§ Work required: The answer must repeat every record exactly, with no pictures in it.

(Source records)
>>>>

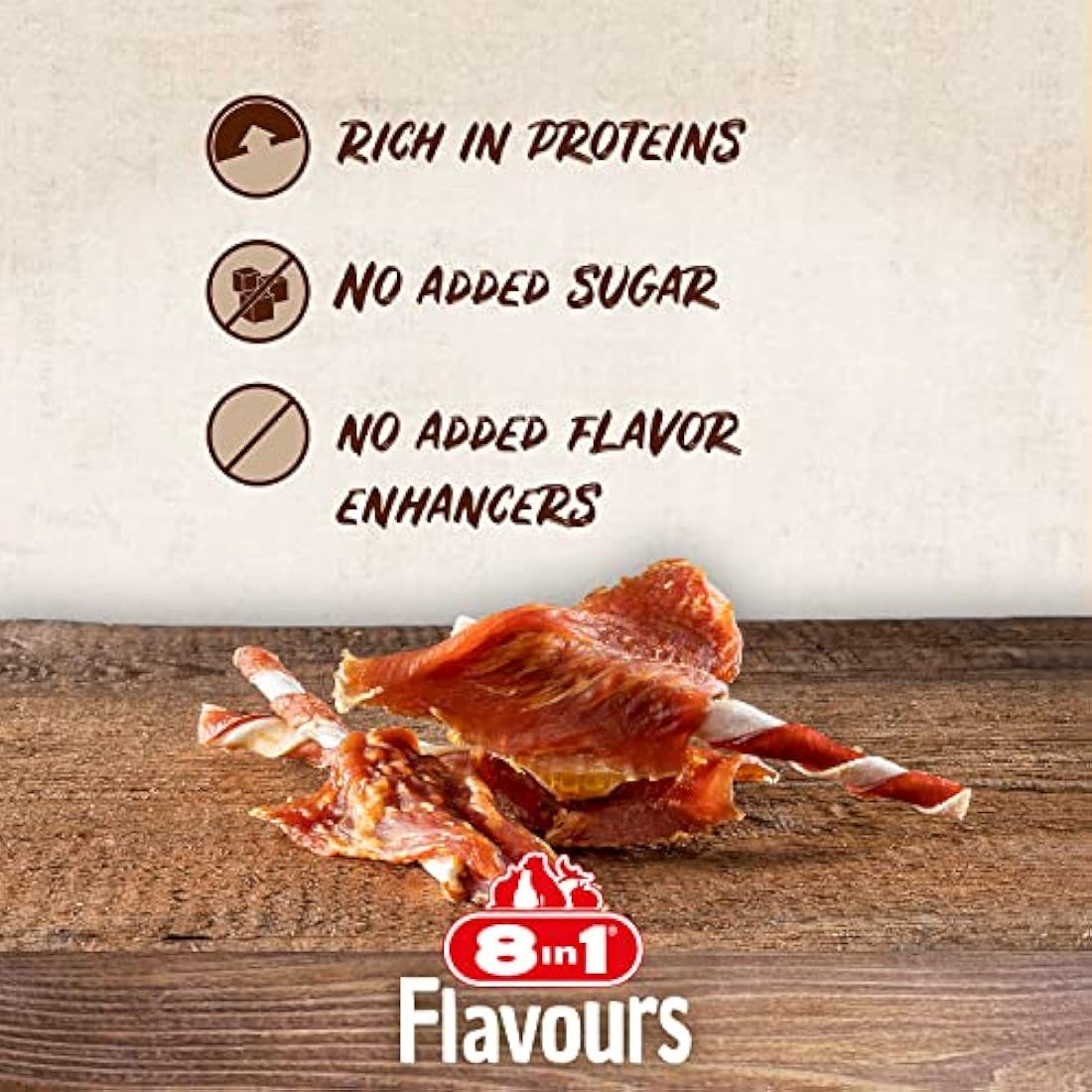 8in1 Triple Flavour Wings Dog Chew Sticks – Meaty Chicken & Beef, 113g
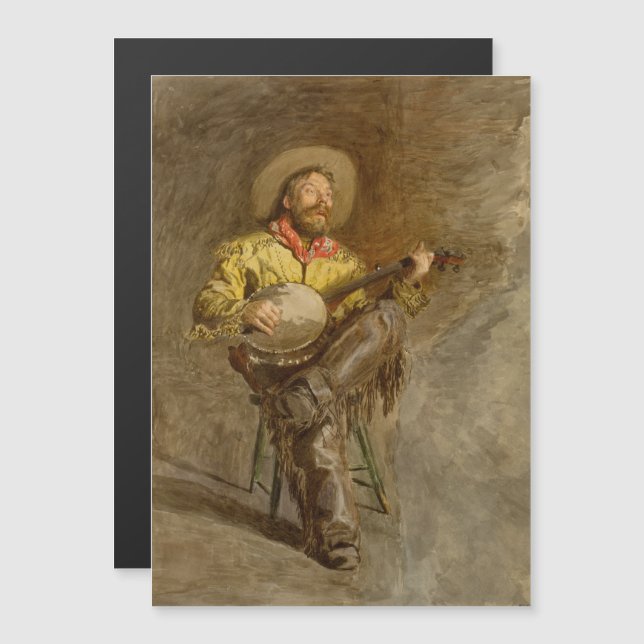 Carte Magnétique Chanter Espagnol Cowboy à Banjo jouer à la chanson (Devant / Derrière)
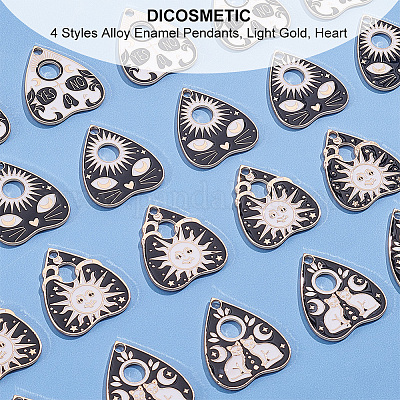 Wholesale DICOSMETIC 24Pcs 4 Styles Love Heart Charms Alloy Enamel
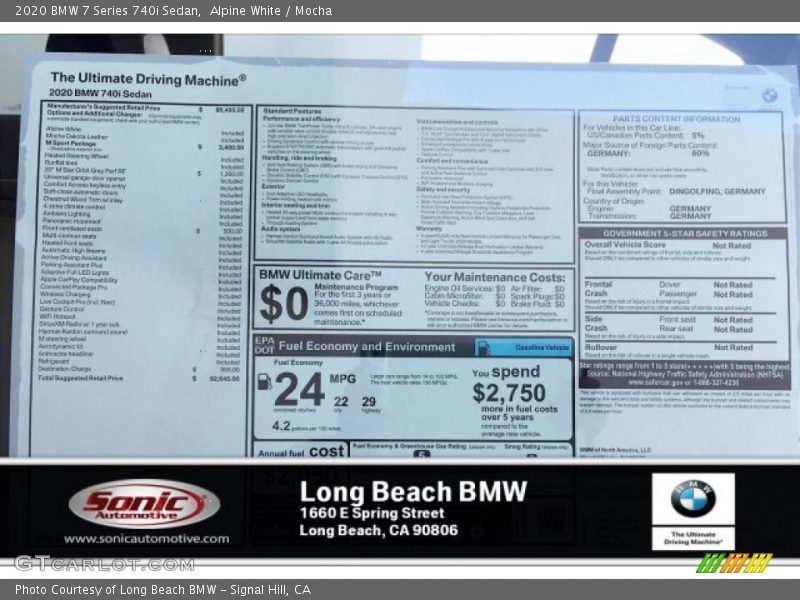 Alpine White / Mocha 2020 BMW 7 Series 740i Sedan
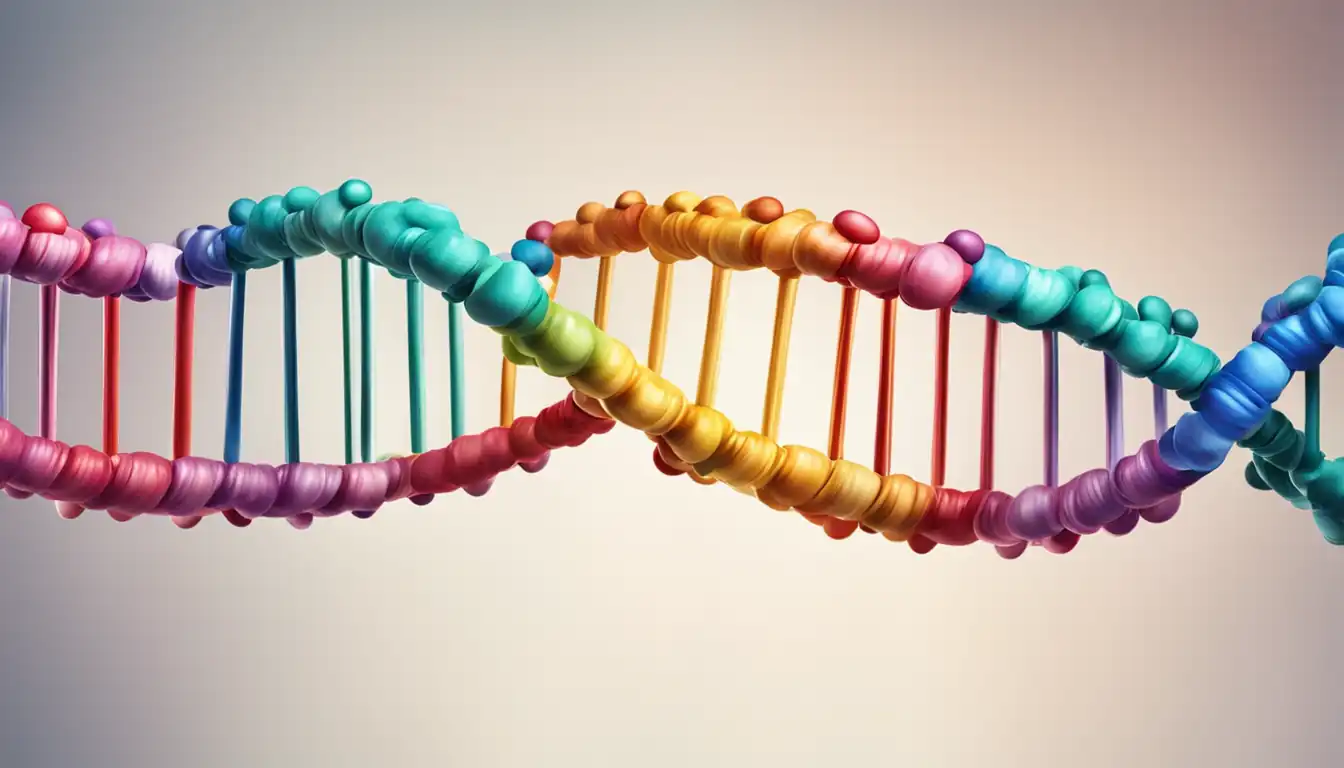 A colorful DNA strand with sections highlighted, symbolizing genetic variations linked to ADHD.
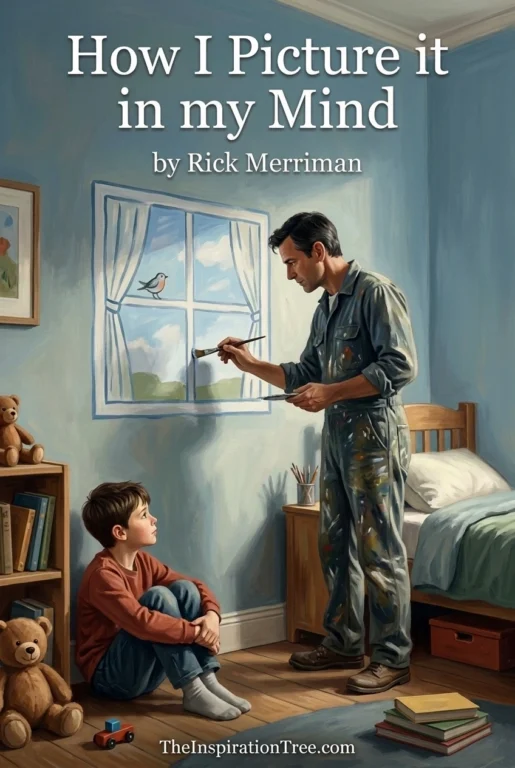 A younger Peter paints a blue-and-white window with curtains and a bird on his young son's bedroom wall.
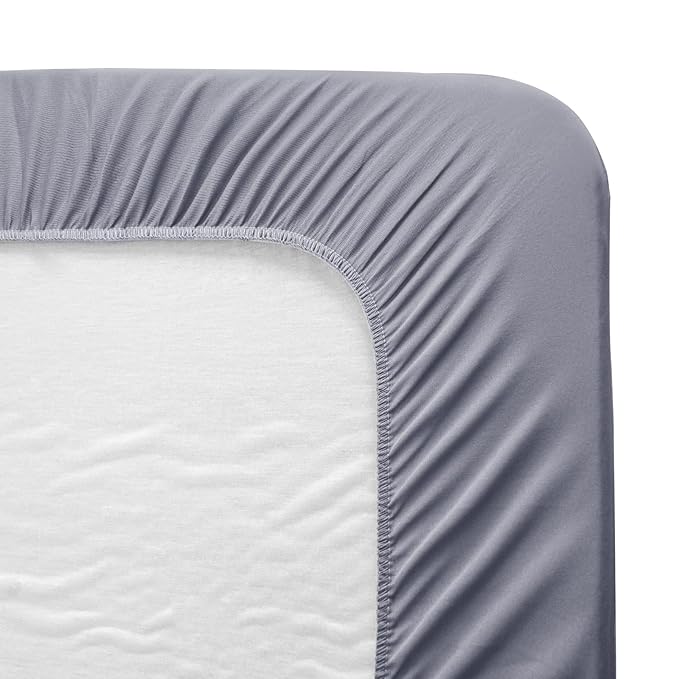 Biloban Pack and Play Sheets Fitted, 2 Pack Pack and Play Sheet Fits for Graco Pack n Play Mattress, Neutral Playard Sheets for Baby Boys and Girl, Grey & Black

<<<<

§ Response for this exercise:
 8in1 Triple Flavour Wings Dog Chew Sticks – Meaty Chicken & Beef, 113g
 Carte Magnétique Chanter Espagnol Cowboy à Banjo jouer à la chanson (Devant / Derrière)
 Wholesale DICOSMETIC 24Pcs 4 Styles Love Heart Charms Alloy Enamel
 Alpine White / Mocha 2020 BMW 7 Series 740i Sedan
 A colorful DNA strand with sections highlighted, symbolizing genetic variations linked to ADHD.
 A younger Peter paints a blue-and-white window with curtains and a bird on his young son's bedroom wall.
 Biloban Pack and Play Sheets Fitted, 2 Pack Pack and Play Sheet Fits for Graco Pack n Play Mattress, Neutral Playard Sheets for Baby Boys and Girl, Grey & Black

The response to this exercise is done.